-- Directions --
Reproduce the opening lines of the records exactly, up to and including the line in which "German/R/Romer-Crest-Coat-of-Arms" occurs.

Stored items from a collection:

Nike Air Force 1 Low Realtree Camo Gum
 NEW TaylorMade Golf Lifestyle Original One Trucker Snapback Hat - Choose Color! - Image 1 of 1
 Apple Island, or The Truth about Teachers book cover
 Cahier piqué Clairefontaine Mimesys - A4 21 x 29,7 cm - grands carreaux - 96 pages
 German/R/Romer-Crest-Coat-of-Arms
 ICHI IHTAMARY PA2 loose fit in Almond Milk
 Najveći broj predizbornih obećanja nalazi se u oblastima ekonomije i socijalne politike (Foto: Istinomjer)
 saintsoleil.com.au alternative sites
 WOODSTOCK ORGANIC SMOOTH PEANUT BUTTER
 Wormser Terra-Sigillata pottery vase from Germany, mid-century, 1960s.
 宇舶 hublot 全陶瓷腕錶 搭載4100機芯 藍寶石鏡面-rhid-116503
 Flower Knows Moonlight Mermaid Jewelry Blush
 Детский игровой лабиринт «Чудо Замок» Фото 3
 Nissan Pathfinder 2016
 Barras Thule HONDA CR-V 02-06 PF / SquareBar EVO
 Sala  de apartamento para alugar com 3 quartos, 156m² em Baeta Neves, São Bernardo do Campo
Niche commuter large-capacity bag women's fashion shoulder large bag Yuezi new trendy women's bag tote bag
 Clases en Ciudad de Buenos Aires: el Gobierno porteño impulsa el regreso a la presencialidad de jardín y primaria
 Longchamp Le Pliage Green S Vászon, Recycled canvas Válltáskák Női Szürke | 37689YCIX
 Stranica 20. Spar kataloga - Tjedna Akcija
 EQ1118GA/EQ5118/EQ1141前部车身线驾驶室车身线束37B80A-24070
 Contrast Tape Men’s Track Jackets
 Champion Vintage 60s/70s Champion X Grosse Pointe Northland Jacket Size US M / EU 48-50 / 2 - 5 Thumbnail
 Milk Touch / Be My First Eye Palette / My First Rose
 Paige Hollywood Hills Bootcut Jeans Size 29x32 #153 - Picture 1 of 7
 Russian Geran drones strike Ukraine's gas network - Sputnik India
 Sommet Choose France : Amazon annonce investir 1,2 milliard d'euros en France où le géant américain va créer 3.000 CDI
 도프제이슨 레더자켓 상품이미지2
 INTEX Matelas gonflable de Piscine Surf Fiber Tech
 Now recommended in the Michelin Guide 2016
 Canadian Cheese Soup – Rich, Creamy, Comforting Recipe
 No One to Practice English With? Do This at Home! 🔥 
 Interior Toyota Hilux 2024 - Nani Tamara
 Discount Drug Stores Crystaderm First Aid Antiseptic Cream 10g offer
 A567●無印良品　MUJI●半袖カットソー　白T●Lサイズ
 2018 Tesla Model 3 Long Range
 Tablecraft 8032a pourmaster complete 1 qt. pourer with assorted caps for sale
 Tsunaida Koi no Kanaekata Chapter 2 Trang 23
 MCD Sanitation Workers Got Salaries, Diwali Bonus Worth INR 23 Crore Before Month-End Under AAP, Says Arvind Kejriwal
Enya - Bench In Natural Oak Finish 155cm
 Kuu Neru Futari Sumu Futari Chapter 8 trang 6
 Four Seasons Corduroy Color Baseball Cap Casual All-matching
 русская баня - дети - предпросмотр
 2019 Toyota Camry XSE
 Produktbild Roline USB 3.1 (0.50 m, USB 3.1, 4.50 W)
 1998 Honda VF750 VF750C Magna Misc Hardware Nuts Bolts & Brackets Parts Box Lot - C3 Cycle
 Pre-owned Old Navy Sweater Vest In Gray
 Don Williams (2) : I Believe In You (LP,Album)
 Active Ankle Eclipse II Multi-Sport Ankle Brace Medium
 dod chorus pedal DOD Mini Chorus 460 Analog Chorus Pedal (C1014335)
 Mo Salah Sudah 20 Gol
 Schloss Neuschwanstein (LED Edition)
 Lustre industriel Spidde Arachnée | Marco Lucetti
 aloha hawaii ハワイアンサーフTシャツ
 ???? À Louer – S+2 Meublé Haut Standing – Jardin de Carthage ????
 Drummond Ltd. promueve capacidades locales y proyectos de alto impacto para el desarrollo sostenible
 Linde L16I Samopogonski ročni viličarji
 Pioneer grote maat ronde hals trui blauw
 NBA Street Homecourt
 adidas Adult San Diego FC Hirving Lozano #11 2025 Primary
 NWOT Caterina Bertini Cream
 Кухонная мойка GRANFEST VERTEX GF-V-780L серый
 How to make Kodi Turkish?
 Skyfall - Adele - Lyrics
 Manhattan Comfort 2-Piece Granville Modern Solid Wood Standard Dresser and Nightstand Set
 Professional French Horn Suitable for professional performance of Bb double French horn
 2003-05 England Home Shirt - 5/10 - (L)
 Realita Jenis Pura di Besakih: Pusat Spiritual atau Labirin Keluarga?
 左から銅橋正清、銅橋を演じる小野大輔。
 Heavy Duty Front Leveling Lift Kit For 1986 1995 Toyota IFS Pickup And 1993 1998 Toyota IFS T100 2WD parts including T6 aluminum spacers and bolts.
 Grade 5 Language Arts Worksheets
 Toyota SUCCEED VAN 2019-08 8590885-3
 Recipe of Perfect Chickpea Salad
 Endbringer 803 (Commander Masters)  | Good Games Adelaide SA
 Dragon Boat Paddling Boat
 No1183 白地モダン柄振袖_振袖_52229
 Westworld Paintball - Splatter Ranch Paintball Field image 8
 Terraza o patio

-- Reply to the exercise --
Nike Air Force 1 Low Realtree Camo Gum
 NEW TaylorMade Golf Lifestyle Original One Trucker Snapback Hat - Choose Color! - Image 1 of 1
 Apple Island, or The Truth about Teachers book cover
 Cahier piqué Clairefontaine Mimesys - A4 21 x 29,7 cm - grands carreaux - 96 pages
 German/R/Romer-Crest-Coat-of-Arms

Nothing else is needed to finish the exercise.